Che si svolge, al solito, sospesa nel vuoto, in mezzo a pericoli indicibili, mentre intorno infuria il cozzo supertecnologico di astronavi munitissime. Dotate di ogni diavoleria tecnologica, che finiscono però per superarsi abbattendosi l’una sull’altra, tipo autoscontro, manco fossero antiquati autoblindo lanciati kamikaze contro i potenti panzer nemici.

Un minestrone a tratti esaltante, con potenti navette uscite pare pare da Space invaders, buffi automi tuttofare, macchine da guerra che ricordano dinosauri di ferraglia e che vengono abbattuti quasi con le fionde, ciechi che centrano ogni bersaglio e si muovono imprendibili tra gli StormTrooper spermatozoici, i peggiori tiratori mai visti sul grande o sul piccolo schermo, e anche su youtube, già che ci siamo.

Un’opera imponente, che suscita gli entusiasmi del pubblico, sparuto ma vitale in una prima soirée senese meritevole di miglior sorte, con la cassiera loquacissima che ci appioppa, col biglietto, gli scomodi occhialini d’ordinanza, che ci regalano un modesto effetto tridimensionale, e si produce all’intervallo nella vendita del cigolante popcorn che fa da sottofondo sonoro in ogni cinema, rispettabile o meno, a parte quelli a luci rosse che non mi sembra, comunque, esistano più.

Tutto sembra provenire da un futuro datato, anteriore nel senso di passato davanti come una pagina fuori posto, che leggi perciò prima del tempo, dove il gioco dei rimandi tra le centinaia di personaggi apparsi nei mille episodi della saga fissa il tempo e costringe gli effetti speciali a mostrarsi come sarebbero stati se la narrazione fosse stata in sequenza. Fintovecchi. Classici, come le scene dei locali affollati di alieni, che ricordano anche Alien, già che ci siamo, o le navi, le armi e gli oggetti tecnologici.
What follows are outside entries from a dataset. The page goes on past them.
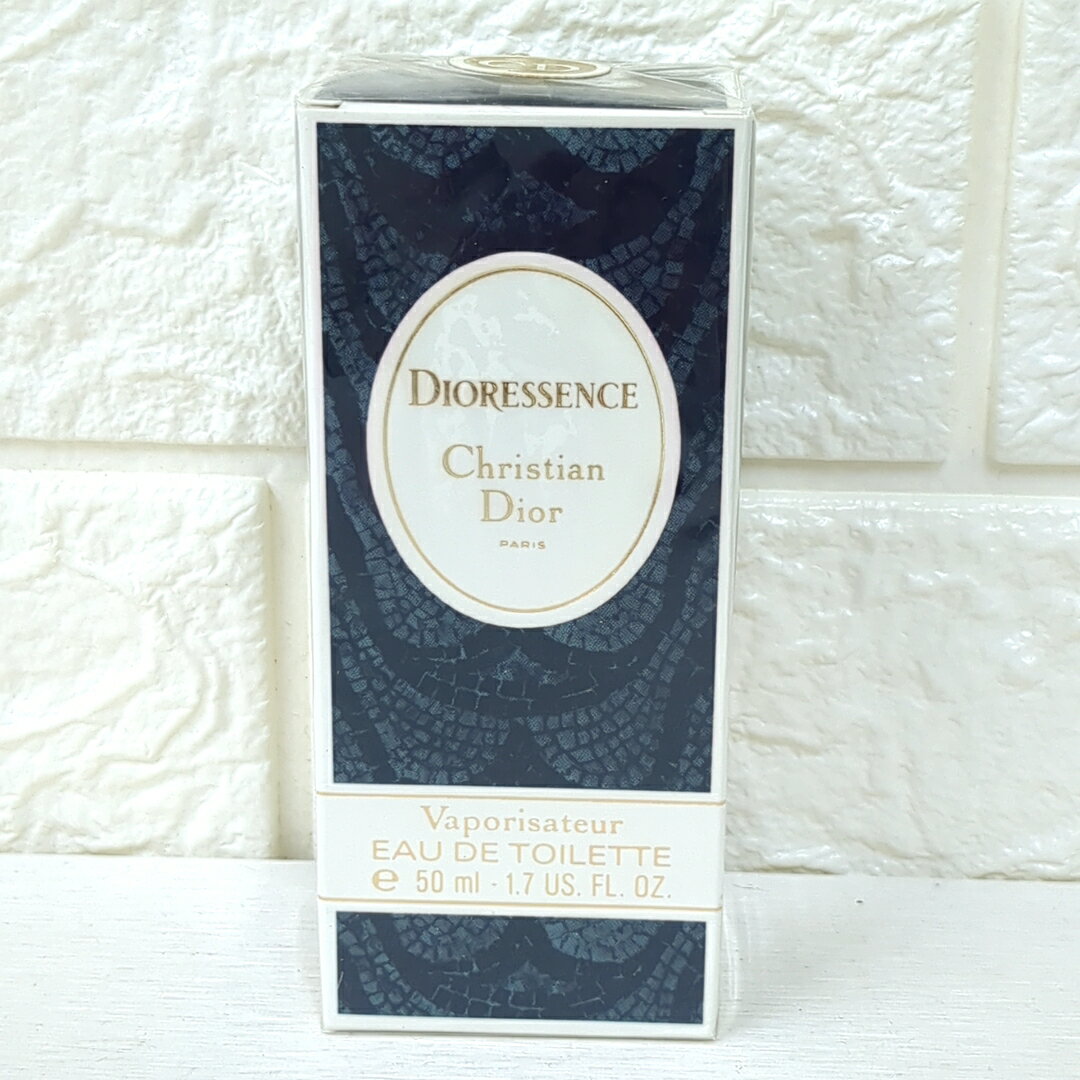 Christian Dior クリスチャンディオール DIORESSENCE ディオレッセンス ED ...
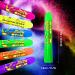 Buy Nebulaglam 6 Colors UV Body Painting Makeup Set | Neon Face Paint for Kids | Perfect for Carnival Halloween & Christmas - Buy Online on GoSupps.com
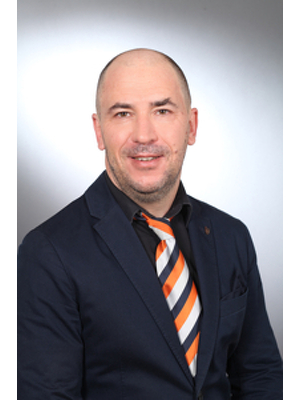 Marc Heller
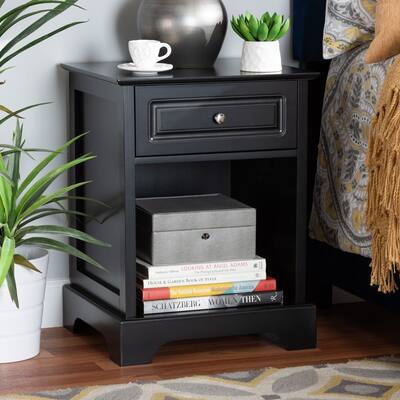 Copper Grove Urganch 1-drawer End Table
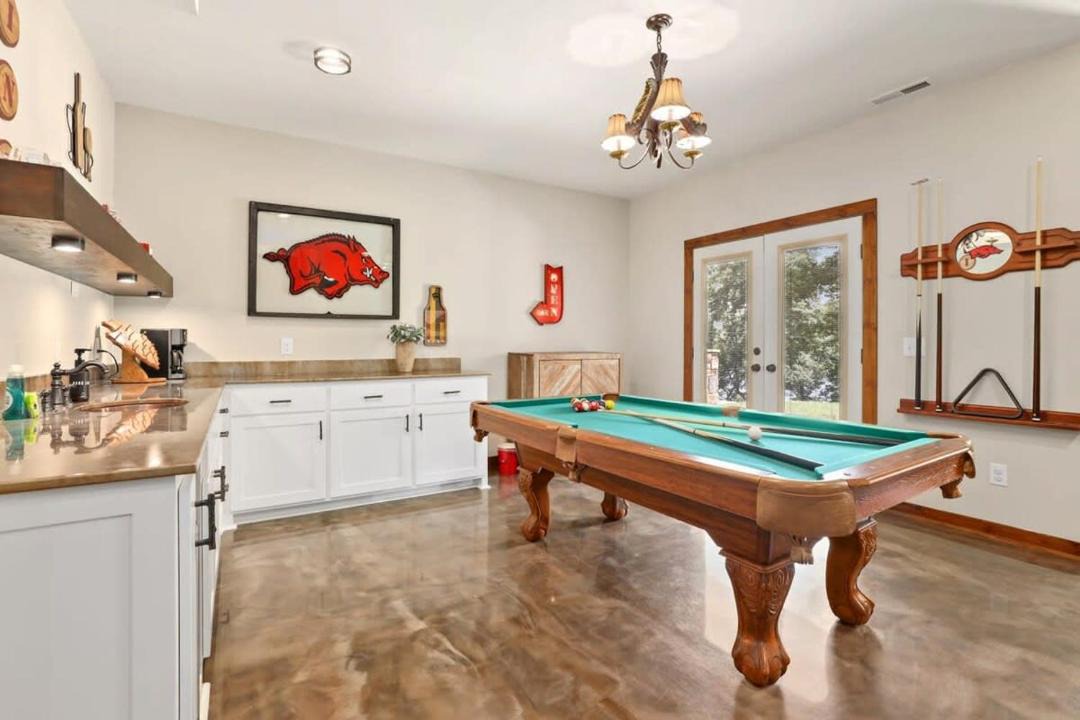 Photo of Kitchen in Springdale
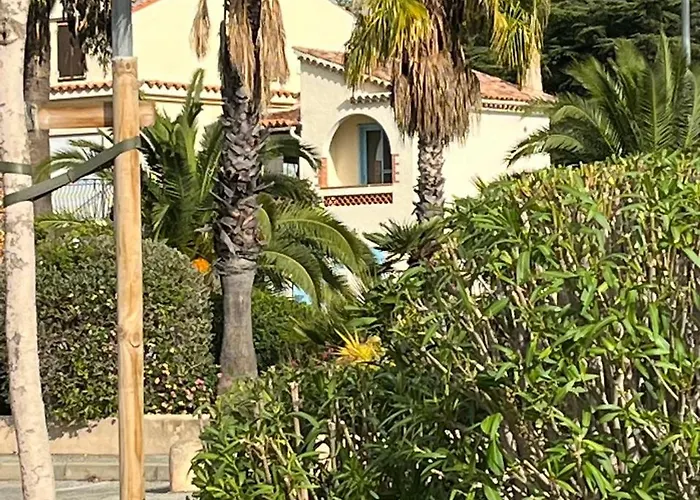 Σπίτι διακοπών Maison Du Pecheur Bord De - 2 A 4 Pers Saint-Raphaël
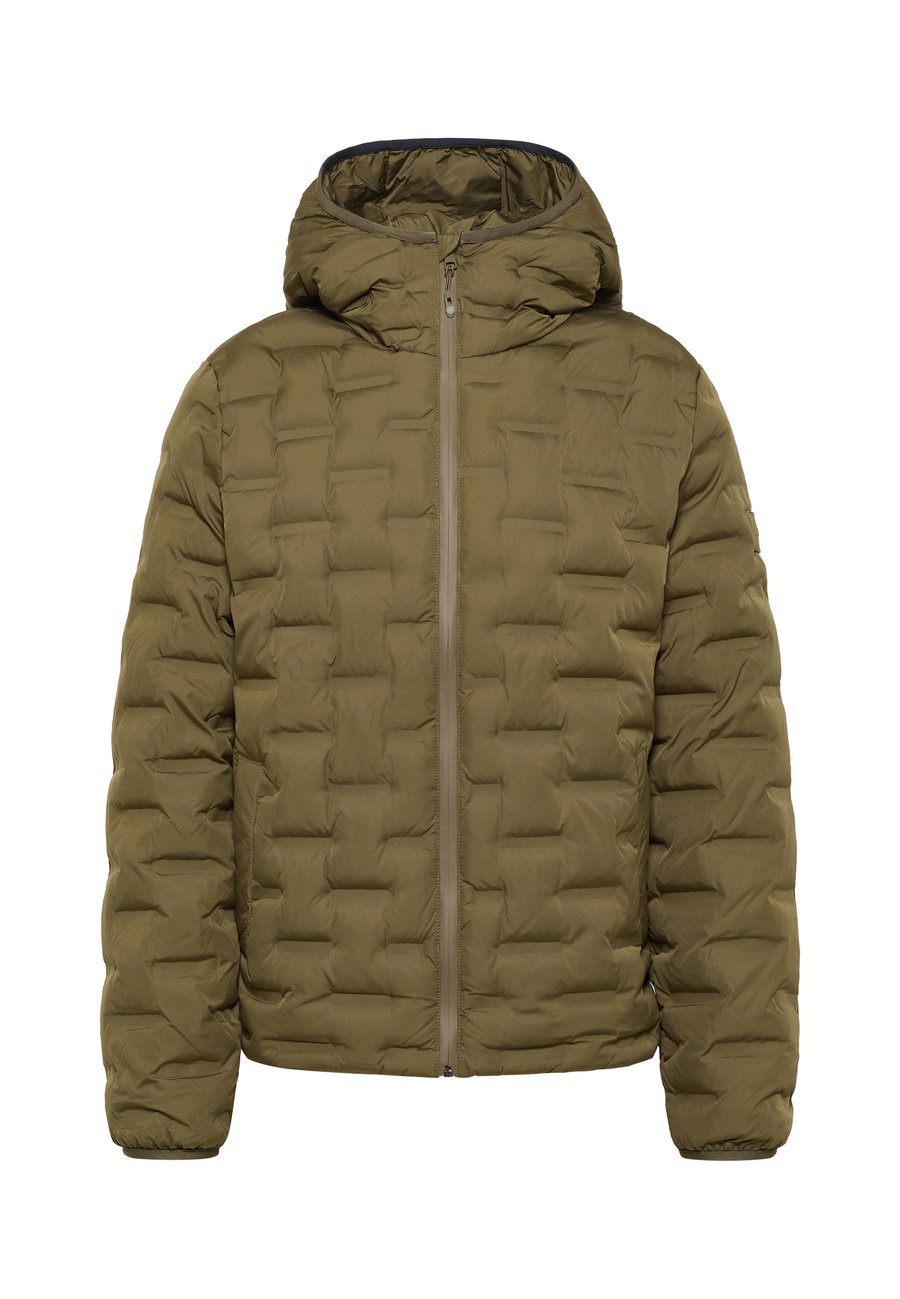 

Куртка Mustang STYLE WESTCHASE, Ivy Green/Green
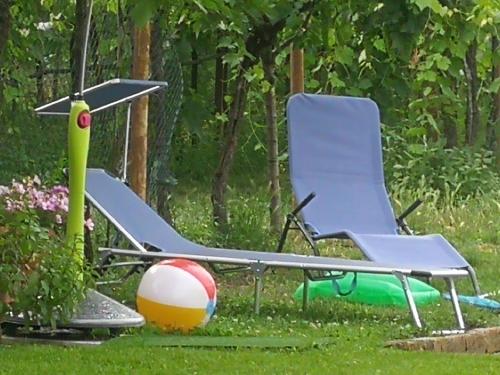 Fotografie z fotogalerie ubytování B&B Pontesello v destinaci Colognola ai Colli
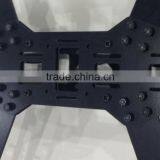 Glass Fiber Frame QAV250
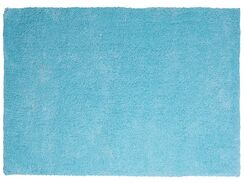 Matto vaaleansininen 200 x 300 cm DEMRE Matto vaaleansininen 200 x 300 cm DEMRE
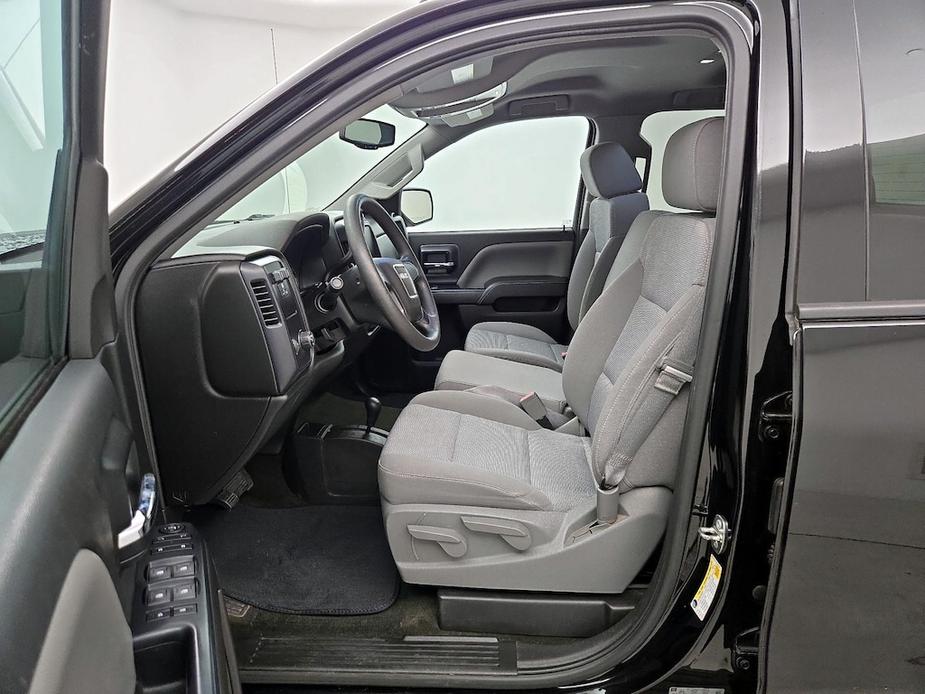 used 2015 GMC Sierra 1500 car, priced at $24,998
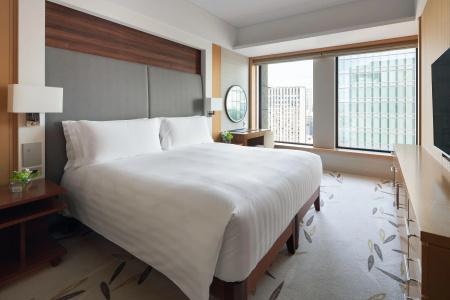 Intercontinental Osaka, An Ihg - 57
Magia del cinema che è finzione e racconta perciò una realtà posticcia facendo finta che sia vera, ma per davvero. Ci manca però l’introduzione con le scritte che scorrono nell’oscurità del cosmo punteggiata di stelle, e ci mancano le tuniche Jedi, e le spade laser, anche se nel finale Darth FenerWater regala qualche generosa saccagnata ronzante ai ribelli.

Qualcuno fa notare che gli alieni, nella storia, non sono mai determinanti.
Le sorti della saga le decidono gli umani: la ricetta di Lucas, e della Disney, è semplice ma ha fruttato miliardi di dollari e milioni di fans. E chi la tocca?

Il cameo finale di Carrie Fisher, principessa Leia o Leila, a seconda dei casi, è perfettamente in linea con le esigenze di cassetta: o, almeno, vado io al cinema il giorno dopo la ferale notizia della sua scomparsa.
Sì, il 2016 ha portato via anche lei, che però vive ancora nei cuori dei fans e nel futuro lontanissimo delle Guerre Stellari.
Pronto a tornare, al prossimo spinoff.